Bass lacks the political operation and national network of top rivals for the job. But she’s also made clear that, like Biden, she could be viewed as a transitional figure in the Democratic Party who currently harbors little interest in seeking the White House herself when he leaves office.

She’s already undergone intense scrutiny from the campaign — including a half-day interview with Biden representatives that a friend described as “invasive” — and has advanced deep into the vice presidential process, according to three people familiar with the vetting.

Some of the people contacted by the Biden team about Bass said some of her personal qualities starkly contrast with Harris: that she’s persuasive but not flashy, and that she’s trusted by progressives but still respected by Republicans.
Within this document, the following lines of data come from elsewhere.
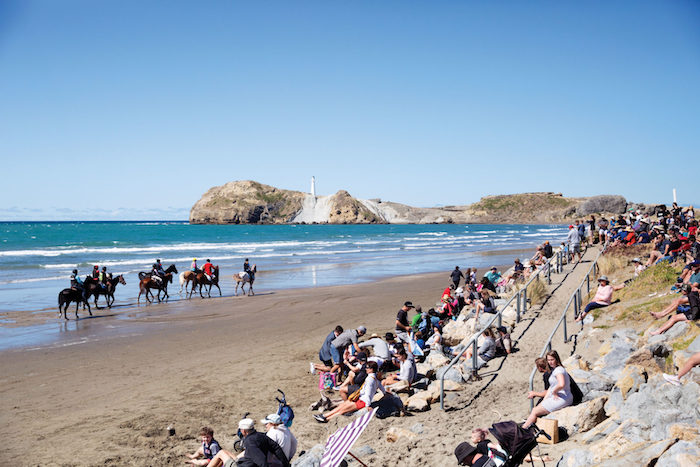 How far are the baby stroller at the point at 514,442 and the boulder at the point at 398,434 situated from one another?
2.14 meters

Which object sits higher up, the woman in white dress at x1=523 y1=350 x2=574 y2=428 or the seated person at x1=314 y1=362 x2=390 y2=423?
the woman in white dress at x1=523 y1=350 x2=574 y2=428

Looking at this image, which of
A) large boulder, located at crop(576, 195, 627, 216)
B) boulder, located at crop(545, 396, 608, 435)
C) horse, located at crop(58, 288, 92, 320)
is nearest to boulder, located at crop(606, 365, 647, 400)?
boulder, located at crop(545, 396, 608, 435)

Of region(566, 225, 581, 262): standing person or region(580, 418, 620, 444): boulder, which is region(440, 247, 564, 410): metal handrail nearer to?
region(566, 225, 581, 262): standing person

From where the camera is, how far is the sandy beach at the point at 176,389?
850 centimetres

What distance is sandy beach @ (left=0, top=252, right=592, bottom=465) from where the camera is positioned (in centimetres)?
850

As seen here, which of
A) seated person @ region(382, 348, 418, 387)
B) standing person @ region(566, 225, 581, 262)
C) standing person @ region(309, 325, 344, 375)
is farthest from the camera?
standing person @ region(566, 225, 581, 262)

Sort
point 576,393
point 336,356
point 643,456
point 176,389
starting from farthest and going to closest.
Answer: point 336,356 → point 176,389 → point 576,393 → point 643,456

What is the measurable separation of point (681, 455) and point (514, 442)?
191 centimetres

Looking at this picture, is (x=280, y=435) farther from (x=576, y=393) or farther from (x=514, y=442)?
(x=576, y=393)

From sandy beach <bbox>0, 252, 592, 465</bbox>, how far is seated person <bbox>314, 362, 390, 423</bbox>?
0.22m

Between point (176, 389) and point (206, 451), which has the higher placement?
point (206, 451)

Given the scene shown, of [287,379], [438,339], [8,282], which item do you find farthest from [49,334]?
[8,282]

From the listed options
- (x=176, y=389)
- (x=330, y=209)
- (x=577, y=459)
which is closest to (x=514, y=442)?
(x=577, y=459)

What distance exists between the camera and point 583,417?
702 centimetres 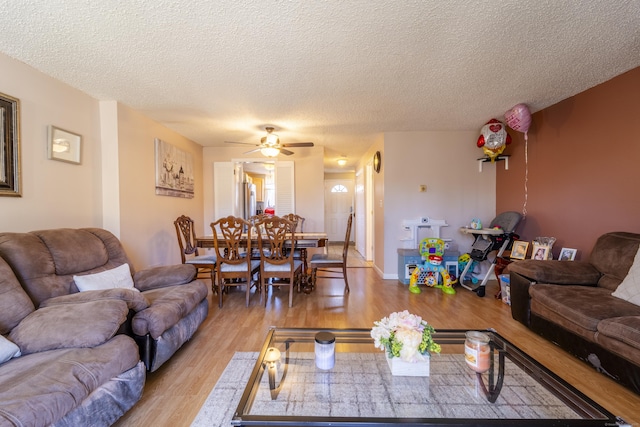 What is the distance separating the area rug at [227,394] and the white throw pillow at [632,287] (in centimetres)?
277

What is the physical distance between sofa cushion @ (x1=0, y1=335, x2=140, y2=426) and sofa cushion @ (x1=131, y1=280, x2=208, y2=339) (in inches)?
9.7

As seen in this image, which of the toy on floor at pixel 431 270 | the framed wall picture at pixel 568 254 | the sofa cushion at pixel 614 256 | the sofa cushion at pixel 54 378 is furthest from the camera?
the toy on floor at pixel 431 270

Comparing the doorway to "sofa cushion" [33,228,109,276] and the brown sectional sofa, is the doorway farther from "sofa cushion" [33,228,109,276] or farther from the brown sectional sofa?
"sofa cushion" [33,228,109,276]

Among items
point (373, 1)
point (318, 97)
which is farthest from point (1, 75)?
point (373, 1)

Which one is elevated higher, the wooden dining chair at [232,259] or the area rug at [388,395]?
the wooden dining chair at [232,259]

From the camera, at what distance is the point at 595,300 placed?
73.4 inches

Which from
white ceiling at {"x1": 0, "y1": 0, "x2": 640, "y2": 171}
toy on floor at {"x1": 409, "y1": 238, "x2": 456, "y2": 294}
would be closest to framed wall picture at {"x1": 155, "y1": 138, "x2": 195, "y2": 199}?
white ceiling at {"x1": 0, "y1": 0, "x2": 640, "y2": 171}

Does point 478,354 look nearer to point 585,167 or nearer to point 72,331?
point 72,331

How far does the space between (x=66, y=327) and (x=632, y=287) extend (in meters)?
3.62

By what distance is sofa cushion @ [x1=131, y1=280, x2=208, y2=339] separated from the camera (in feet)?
5.34

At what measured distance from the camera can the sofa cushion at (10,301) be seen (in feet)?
4.39

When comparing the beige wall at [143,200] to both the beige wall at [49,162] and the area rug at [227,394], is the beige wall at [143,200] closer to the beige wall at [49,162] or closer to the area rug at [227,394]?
the beige wall at [49,162]

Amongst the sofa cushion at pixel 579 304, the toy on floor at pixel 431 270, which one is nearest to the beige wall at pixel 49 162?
the toy on floor at pixel 431 270

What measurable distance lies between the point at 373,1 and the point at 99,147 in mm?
3138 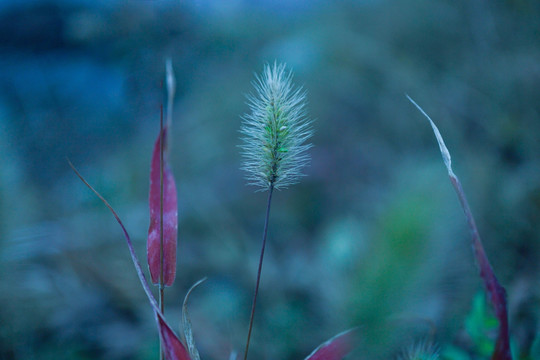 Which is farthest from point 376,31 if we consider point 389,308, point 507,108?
point 389,308

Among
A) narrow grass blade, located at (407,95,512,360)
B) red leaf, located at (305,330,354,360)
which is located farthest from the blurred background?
narrow grass blade, located at (407,95,512,360)

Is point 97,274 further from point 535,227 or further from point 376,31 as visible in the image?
point 376,31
These people describe Bass as passionate, yet not someone who would allow her own objectives to overshadow her responsibilities as Biden’s No. 2.

Bass would still have to overcome long odds: The extent of her personal rapport with Biden, whom she didn’t know well at the onset of the process, remains unclear. As does how she would handle the scrutiny and pressures of the role. She is a virtual unknown in most of the country, and unlike Harris, hasn’t been vetted or gone through the rigors of a national campaign.

Bass has faced blowback for lamenting the death of “Comandante en jefe” (commander in chief) Fidel Castro in 2016, remarks that were seen as overly respectful and drew the ire of Florida Democrats. And her lack of a political network — beyond what she inherited and built on as leader of the CBC — also surfaced doubts among top Biden donors who favor better-known prospects.

“I don’t think you can go with someone that is there to hold a place and not outshine you,” a Biden bundler said of Bass.